▶ _Task goal_
Write out again, word for word, the lines below from the line that holds "Geburt, die unterschiedlichen" through the line that holds "corrective jaw", omitting pictures.

[Dataset records]
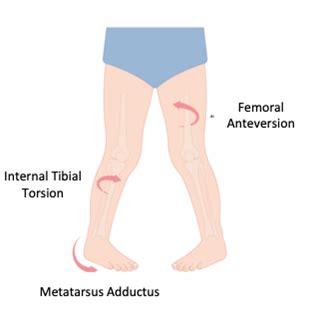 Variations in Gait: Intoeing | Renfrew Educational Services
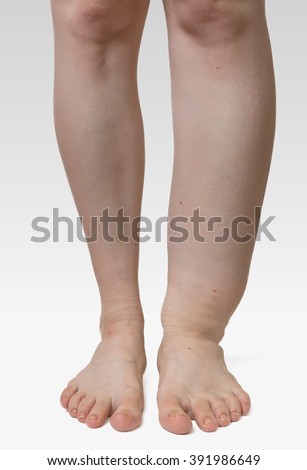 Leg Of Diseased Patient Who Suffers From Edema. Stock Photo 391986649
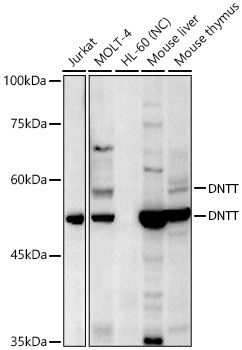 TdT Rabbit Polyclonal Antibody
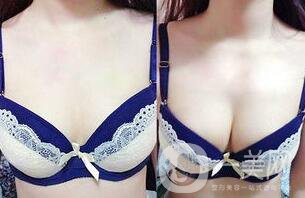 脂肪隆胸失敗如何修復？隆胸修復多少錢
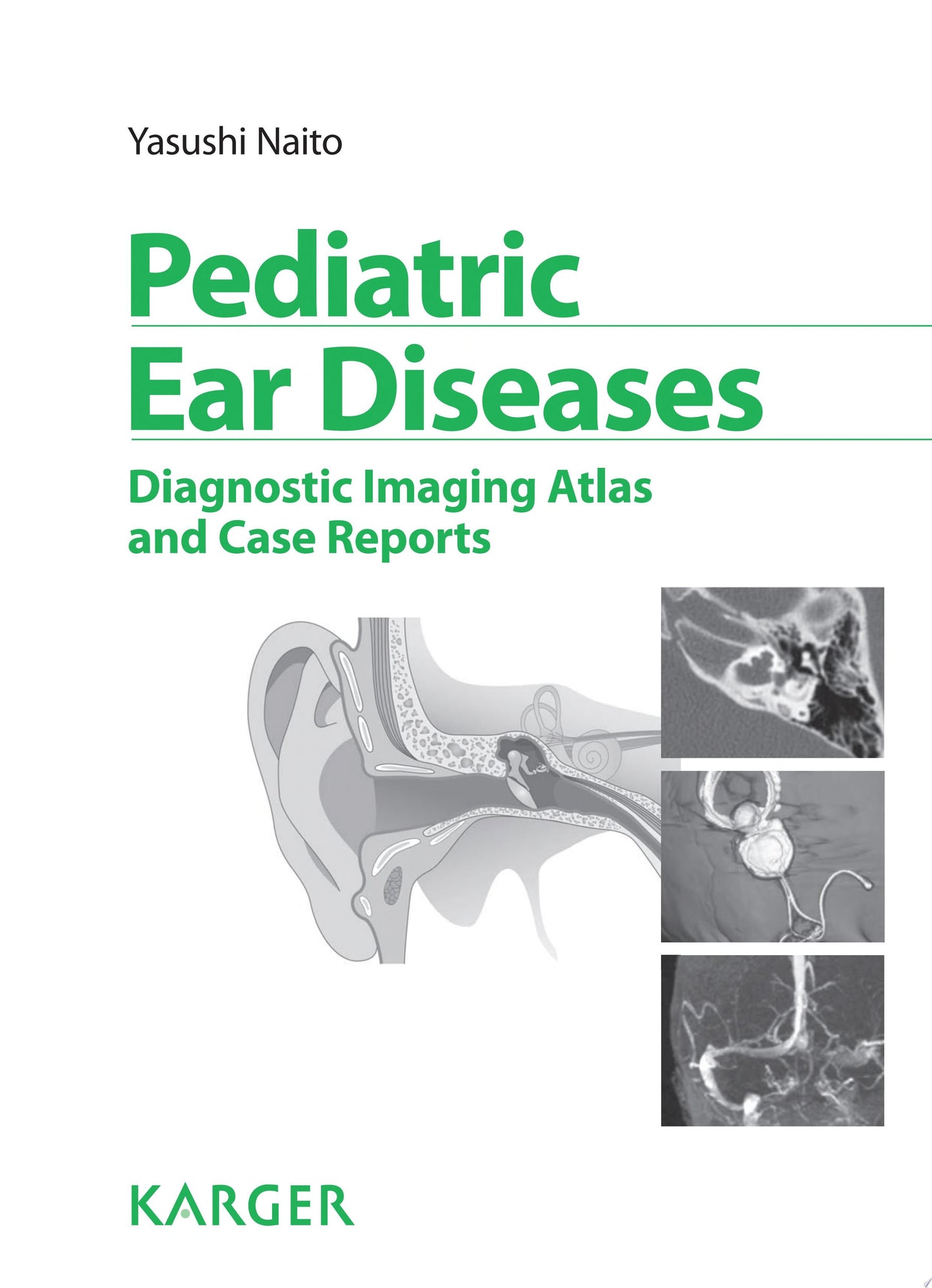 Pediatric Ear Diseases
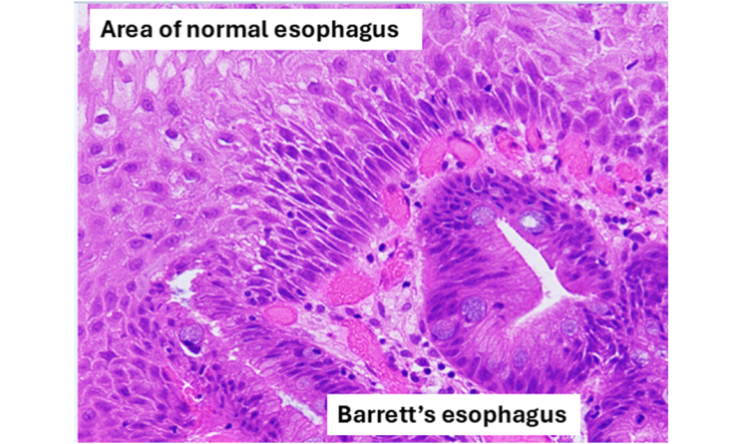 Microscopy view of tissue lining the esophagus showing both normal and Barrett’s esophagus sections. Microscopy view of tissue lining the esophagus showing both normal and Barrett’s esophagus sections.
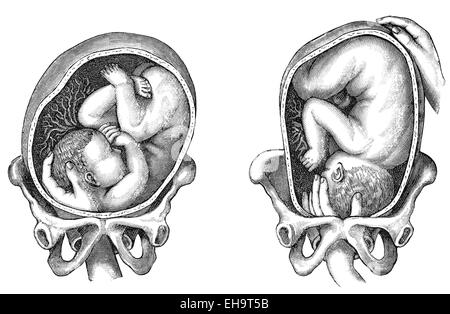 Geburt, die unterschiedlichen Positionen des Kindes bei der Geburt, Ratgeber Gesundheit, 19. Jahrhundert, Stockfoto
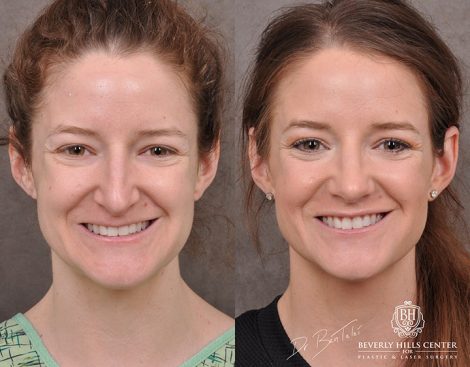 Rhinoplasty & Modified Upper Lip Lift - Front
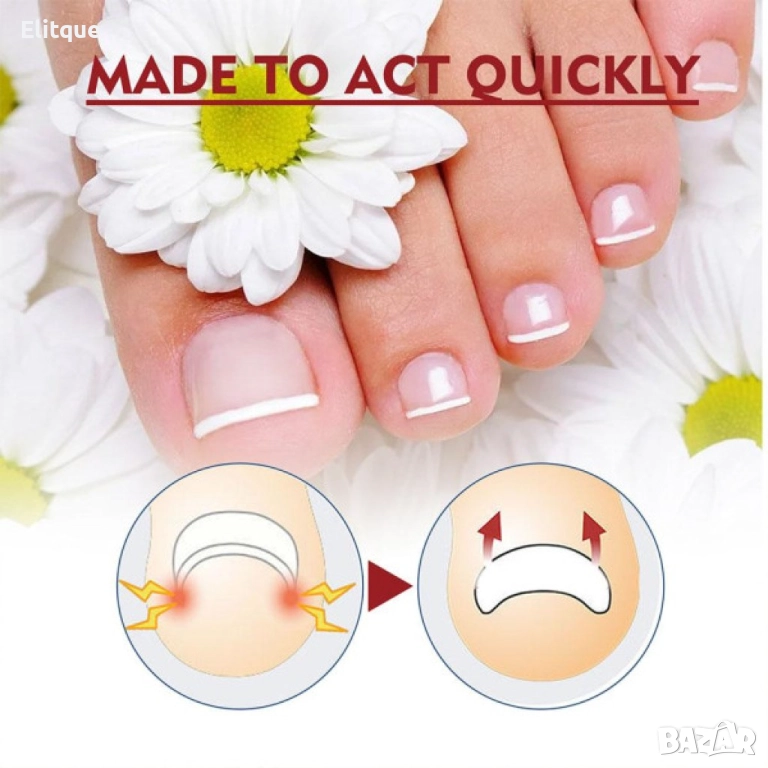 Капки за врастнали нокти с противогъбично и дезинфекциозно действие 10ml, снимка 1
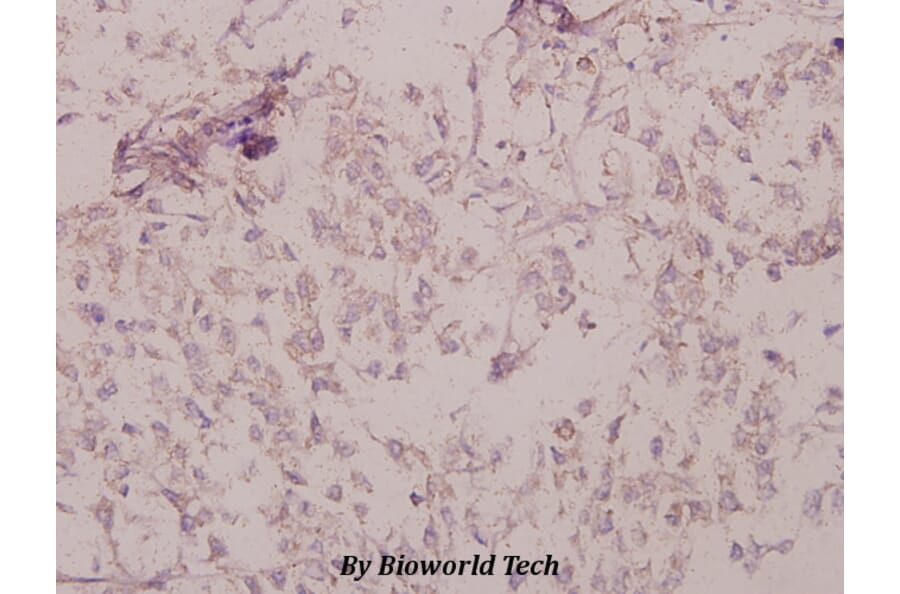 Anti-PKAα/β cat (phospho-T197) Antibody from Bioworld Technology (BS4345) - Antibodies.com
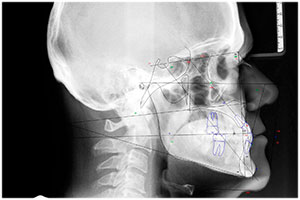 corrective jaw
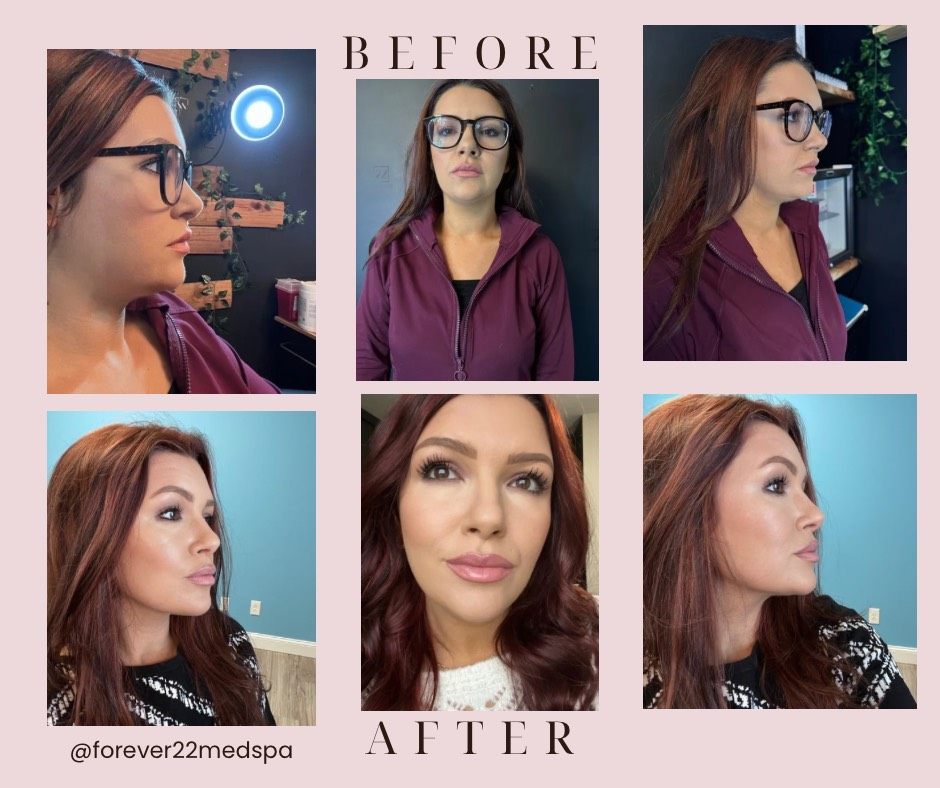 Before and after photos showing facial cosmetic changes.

▶ _Output of the exercise_
 Geburt, die unterschiedlichen Positionen des Kindes bei der Geburt, Ratgeber Gesundheit, 19. Jahrhundert, Stockfoto
 Rhinoplasty & Modified Upper Lip Lift - Front
 Капки за врастнали нокти с противогъбично и дезинфекциозно действие 10ml, снимка 1
 Anti-PKAα/β cat (phospho-T197) Antibody from Bioworld Technology (BS4345) - Antibodies.com
 corrective jaw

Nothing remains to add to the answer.